People of a certain age and experience could well cut a career as an executive contractor - although the gig might not suit everyone, as the trade-off for variety of work and fresh challenges is likely to be an income that's less than consistent.
Amanda Scott is the client solutions director - interim & executive for Madison, which helps companies large and small with experienced talent for special projects across the mid to senior management level. The firm also provides people who can step into key roles during the absence of a senior leader.
"Post-GFC we saw this pool of talent emerge that was made up of proven performers with high profiles, they had a successful track record and were results orientated," says Scott.
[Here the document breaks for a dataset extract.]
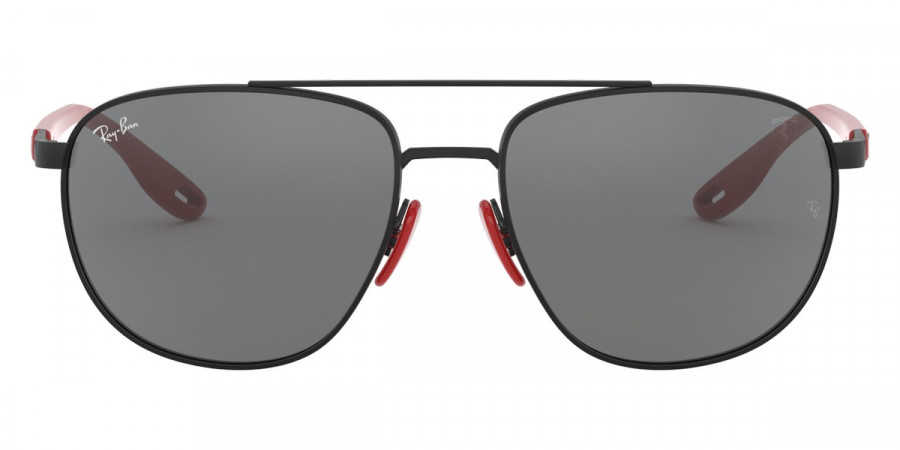 Ray-Ban™ - RB3659M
"They are a gun for hire, offer a fresh set of eyes, they are objective, and can give employers a different perspective. Age is irrelevant, but contractors need a depth of experience, tend to be mature, and have a reputation of delivering.
"I don't buy into the idea of the 50-pluses being tossed out of the corporate world, they have great stake-holder engagement skills and can add a lot of value. We are not afraid of grey hair."
Although contracting can be an exciting and rewarding career choice, Scott says it's not for everyone. Contractors have to be responsible for their own tax, public liability insurance and have a high level of professional development.
"There is a bit of confusion in the marketplace between a temp and a contractor," she says. "If you are contracting you tend to have the ability to hit the ground running. A good contractor can walk in the door, can engage with colleagues, build rapport right away, identify a business problem and work with the client to deliver results - and sometimes they will have to tell the client something they don't want to hear."
She says the traits of a good executive contractor include being wise and highly capable. "They don't have to belong to a professional organisation, but will be good at marketing themselves, and have a good financial buffer because ongoing work cannot be guaranteed 12 months of the year."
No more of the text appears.